When I was living in Philadelphia and missing Tex-Mex food like crazy, Kasey came to visit with a cooler filled with quarts of salsa, chili con queso, and guacamole sauce. She came to visit when I was living in France, too, and after a day of sightseeing we took a wrong turn and drove all over the mountain roads of the Cote d’ Azure in the dark, lost as blind worms. Kasey was driving the rental car, and she finally announced in a very loud voice, “I am never turning back again! I am only going forward!” As it turned out, going forward took us to a town with lights and streets where we could get our bearings and figure out which way was home, so we’ve taken that as our credo. “I am never turning back again! I am only going forward!”

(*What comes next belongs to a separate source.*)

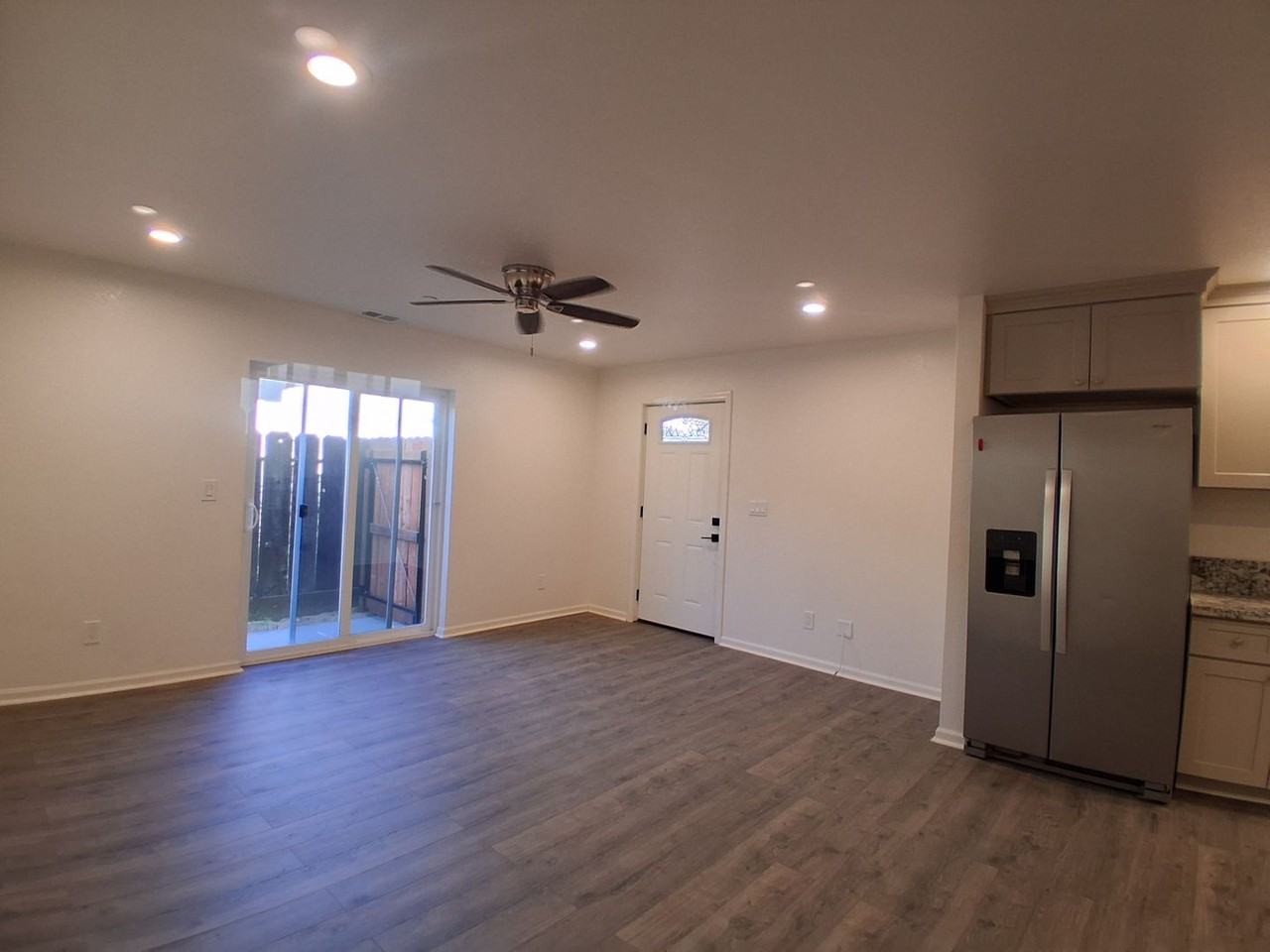 3016 Lake Park Ct - Photo 6 of 22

During the last few days, we’ve laughed our heads off and sometimes shed a few tears. We’ve caught each other up on all the ups and downs of our lives since we were together, and shared the challenges we know are ahead. And then we’ve raised our wine glasses and shouted, “I am never turning back again! I am only going forward!”

I am extremely blessed to have Kasey as a friend.

Fay’s Way

Tropical storm Fay arrived in Florida on my birthday, which created some odd juxtapositions. Out of state friends and family called with happy birthday wishes tinged with anxiety because the storm was projected to roar through Sarasota. A dear friend who had planned a birthday dinner party for the night staunchly continued to prepare for 12 guests while her husband boarded up windows. Other friends loyally got out their high-riding trucks so they could clear flooded streets if necessary. Two of the couples live in a flood zone, so they planned to come to my house the next day and ride out the storm. One of the couples has 5 cats. The other couple said it would be a good thing to have 5 cats in the house during a hurricane — that way each of us could have our own cat. As it turned out, Fay didn’t follow the predicted path up Florida’s west coast at all, but has ambled around the east coast, zigzagging off and on to hit the state three times.

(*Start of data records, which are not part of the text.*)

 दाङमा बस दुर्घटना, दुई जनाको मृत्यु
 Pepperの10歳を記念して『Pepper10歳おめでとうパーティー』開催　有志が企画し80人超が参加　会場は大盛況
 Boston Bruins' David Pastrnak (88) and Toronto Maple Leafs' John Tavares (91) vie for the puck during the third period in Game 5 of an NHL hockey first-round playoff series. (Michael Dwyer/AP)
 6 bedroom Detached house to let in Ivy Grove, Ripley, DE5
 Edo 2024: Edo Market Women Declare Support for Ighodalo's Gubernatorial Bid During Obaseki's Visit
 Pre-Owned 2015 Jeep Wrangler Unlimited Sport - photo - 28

I’m having a peculiar mix of emotions over the whole thing. First, a profound gratitude for having friends not only willing to celebrate my birthday but willing to do it when they thought a hurricane was on the way. Then, a general gratitude for all the friends in my life who enrich and sweeten every experience. I always feel inadequate at expressing how much I value them, and I’m feeling even more inadequate now. And, living in Florida where the threat of hurricanes is an annual given, I’m also filled with gratitude that my particular area was spared Fay’s flooding and destruction. Mixed in with all that happy gratitude is the vague feeling of guilt, the irrational sense that my area’s good luck somehow comes at the expense of those unlucky ones who are today sharing space with alligators and snakes in the floodwaters.

I suppose that’s part of being human. At any given moment, some of us are celebrating our great fortune while others of us are grieving our losses. No matter how much we may empathize with the ones whose turn it is to grieve, we shouldn’t let our empathy dampen our happiness when it’s our turn to celebrate. So in spite of my compassion for my fellow Fay-blasted Floridians today, I’m quietly relishing my own happiness.